===== Information shown =====

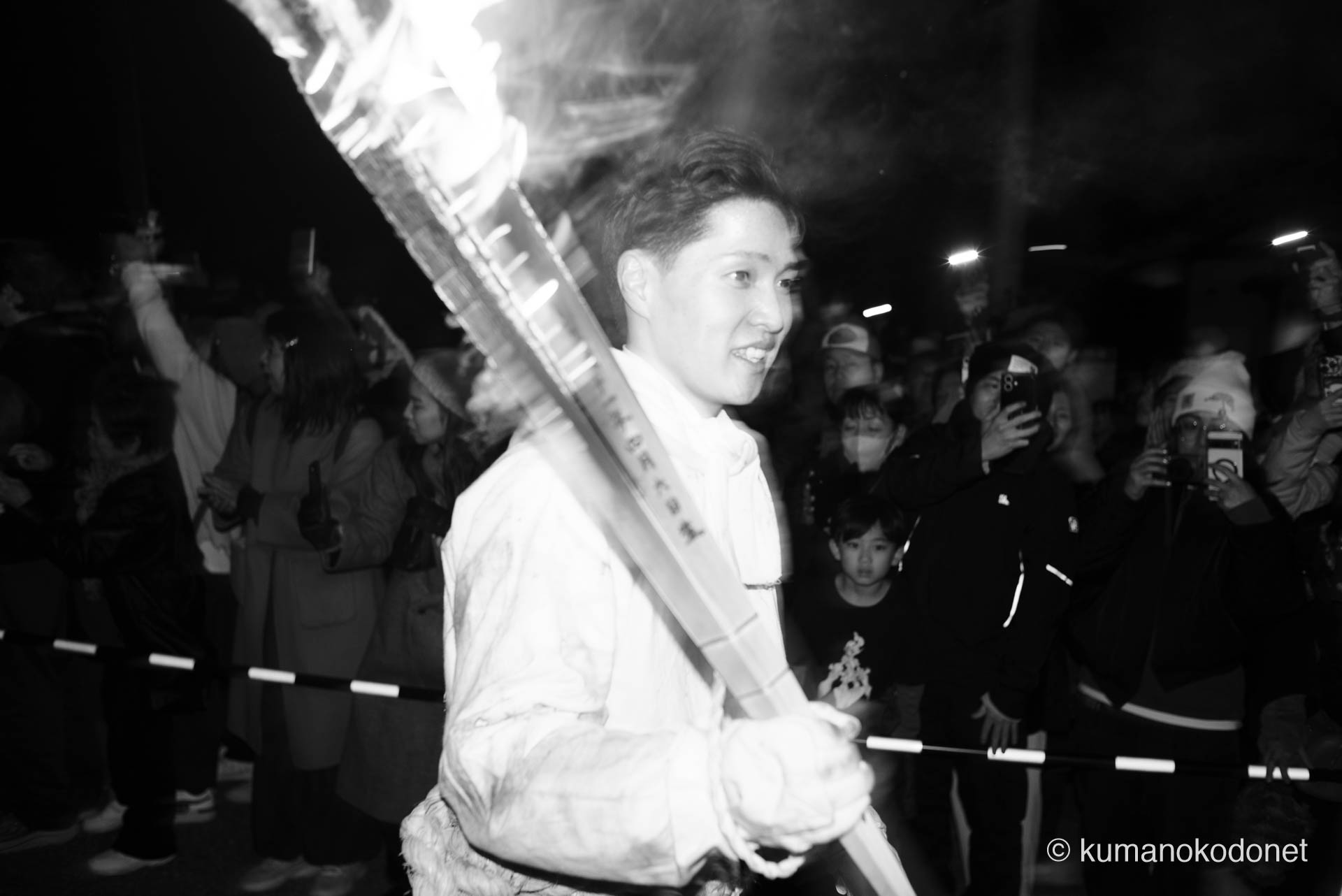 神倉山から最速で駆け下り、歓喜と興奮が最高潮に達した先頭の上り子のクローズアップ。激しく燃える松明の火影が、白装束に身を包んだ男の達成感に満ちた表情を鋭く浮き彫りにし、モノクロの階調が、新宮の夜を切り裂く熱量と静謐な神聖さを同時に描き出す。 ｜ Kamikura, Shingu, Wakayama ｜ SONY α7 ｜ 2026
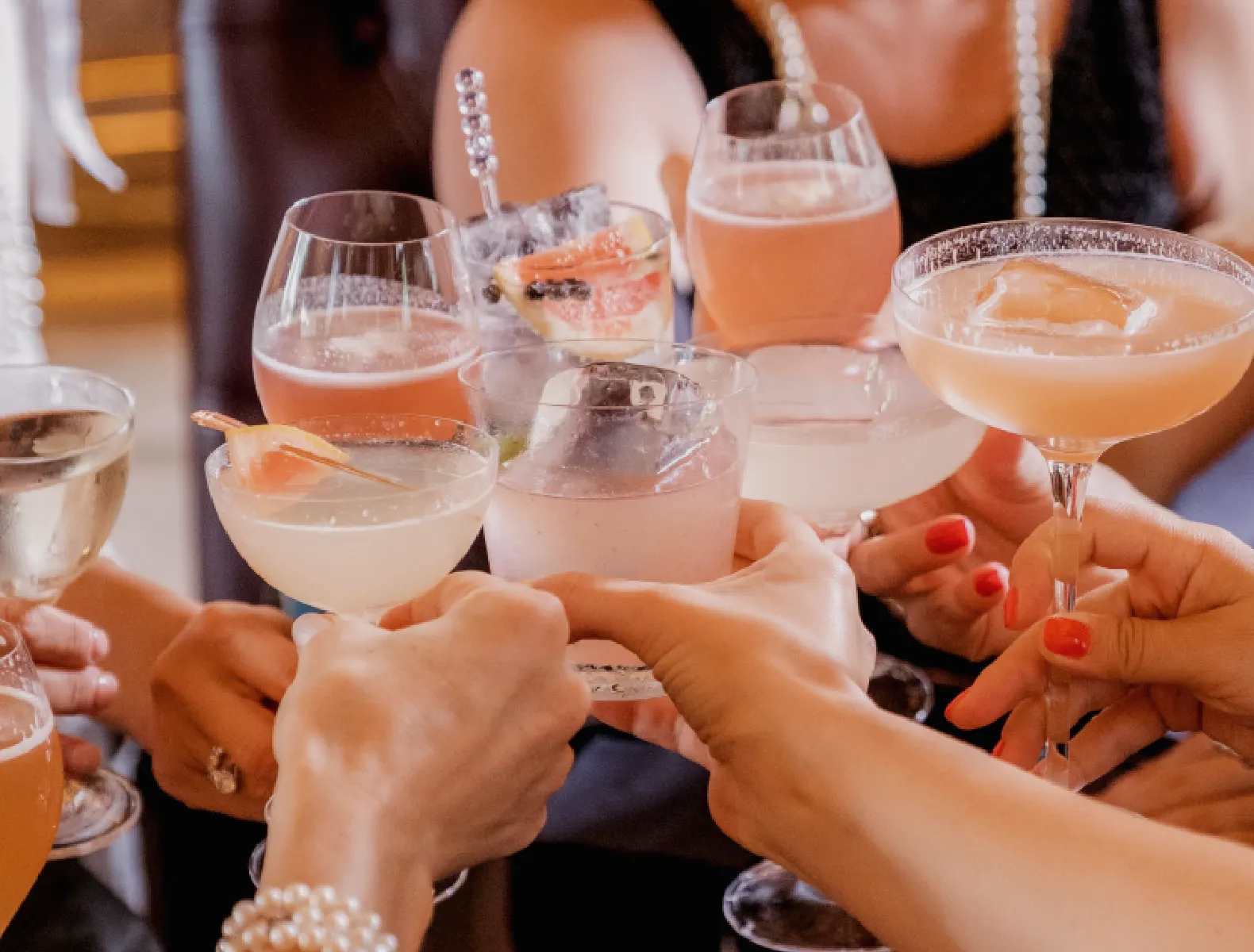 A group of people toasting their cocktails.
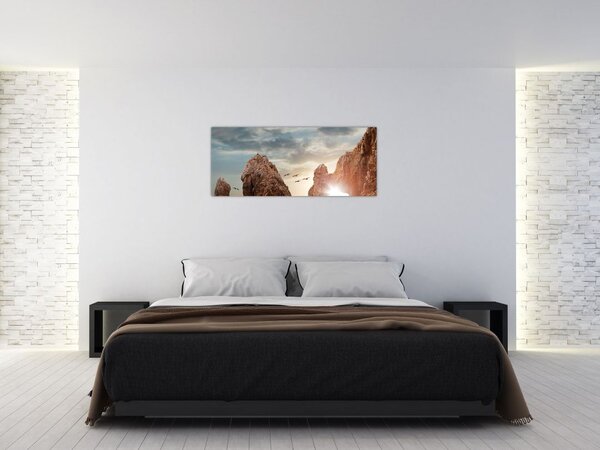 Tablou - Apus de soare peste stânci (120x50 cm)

=====

▸ Task goal: Give back the listing word for word, minus its images.

▸ Result of the task:
 神倉山から最速で駆け下り、歓喜と興奮が最高潮に達した先頭の上り子のクローズアップ。激しく燃える松明の火影が、白装束に身を包んだ男の達成感に満ちた表情を鋭く浮き彫りにし、モノクロの階調が、新宮の夜を切り裂く熱量と静謐な神聖さを同時に描き出す。 ｜ Kamikura, Shingu, Wakayama ｜ SONY α7 ｜ 2026
 A group of people toasting their cocktails.
 Tablou - Apus de soare peste stânci (120x50 cm)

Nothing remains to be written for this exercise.